New tactics cut soap giants down to size

The soap war enters a new phase as P&G and Lever fight for market dominance with format, rather than brand.

A month after Procter & Gamble and Lever Brothers confirmed they were planning to axe sub brands to reduce “consumer confusion” in the laundry detergents market (MW August 16) it has become clear a fresh battle is taking place among the soap giants based on format.

When Marketing Week first revealed Lever’s intention to drop its New Generation sub-brand in favour of the straight Persil name (MW December 15 1995), and P&G’s plans to axe Ariel Ultra (MW August 2), it appeared the soap giants intended a clean-up exercise aimed at refocusing on core brand support.

However, this week’s revelation that P&G has informed supermarkets that it intends to drop the big box powder format from Daz and Bold, and eventually withdraw altogether from the big box sector, signals a divergence in strategy between the soap giants.

Amidst all the furore about brand culling, P&G is systematically trying to undermine the big box sector which its rival Lever Brothers Persil dominates. At the time of the closure of Ariel Ultra and Ariel Colour, P&G also announced that the price of the big box would increase to the same level as the concentrates.

Persil is very weak in the concentrates market, a legacy of the Persil Power fiasco. But it is very strong in the big box sector where it is market leader with 25 per cent.

During the Persil Power débâcle Lever relaunched big box Persil Automatic and even launched a big box version of Persil Colour in an attempt to rebuild consumer trust in the Persil brand (MW May 19 1995). However, big box powders are less profitable than concentrates. And the same is true for the supermarkets own-brand detergents.

Tesco has more than 170 detergent product lines, including branded and own label.

Sainsbury’s began slashing the lines in its Novon range in July and there are plans to cut peripheral products even further. A spokesman says there will be further opportunities to cut detergent brands. “We need to reduce the number of lines in soap powders.
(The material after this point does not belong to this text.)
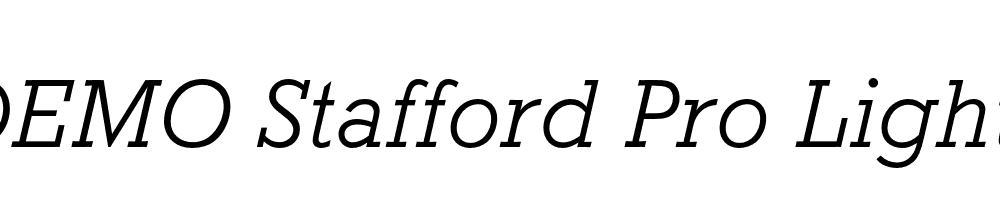 FSP DEMO Stafford Pro Light Italic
We want to provide choice so that whatever consumers can buy in branded (detergents) they should be able to get in the Novon range.”

Although some of the other supermarkets are reluctant to disclose their plans to reduce own-label products, most are keeping a close eye on the effects of the move to cut subbrands by P&G and Lever Brothers. Safeway insists it has no plans to rationalise its brands, highlighting the fact that it has only 44 products in the Cyclon range.

In the Eighties, detergent manufacturers launched a series of brand extensions which multiplied the number of products on supermarket shelves several times over. This was done with a view to increasing marketshare. Now, with a mature market where the margins seem to be smaller, they have decided extra lines don’t necessarily deliver.

This adds to the increased pressure to improve profits, especially in the case of Lever.

P&G has been consistent all along. In 1994, its top executives tried to discourage Unilever from launching Persil Power because it would damage consumer confidence in brands and affect the prospects of the format P&G had made the greatest technological commitment to: concentrates.

P&G’s prophecy came true; the share of concentrates fell in the wake of the Persil Power fiasco and big box powders and liquids experienced a resurgence in sales.

However, P&G believes this resurgence will be short-lived and that concentrates will replace big box.

On the other hand, Lever believes big box variants will stay strong because of value for money perceptions. This is one of the reasons P&G made a move to introduce pricing parity between big box and concentrates. Consumers will compare the number of washes per product, rather than the price.

Retailers have been instrumental in assisting some of these moves. P&G and Lever have been frustrated and pressurised by the seemingly endless rows of product lines and the fact that comparatively low-margin products take up so much space.

Concentrated detergents are preferred by manufacturers and retailers because they are more profitable. Carrying fewer detergent lines, both branded and own label, not only allows them to maximise returns but also frees shelf space for higher margin products, such as perfumes or cosmetics. For manufacturers there is less packaging, costs are reduced when fewer lines are needed.

But Lever has been structurally weak in this market, ever since P&G beat it to market with Ariel Ultra in 1989. It was the need to pick up Persil’s sales in concentrates that led Lever to rush the inadequately tested Persil Power to market. Lever’s soft-sell marketing has therefore focused on brand values, rather than performance.

From now on it seems the soap war has reached a new phase. Rather than attempting a big push, like the great offensive of 1994, from now on it will be a war of position with each side trying to score small tactical victories in favour of their own particular format.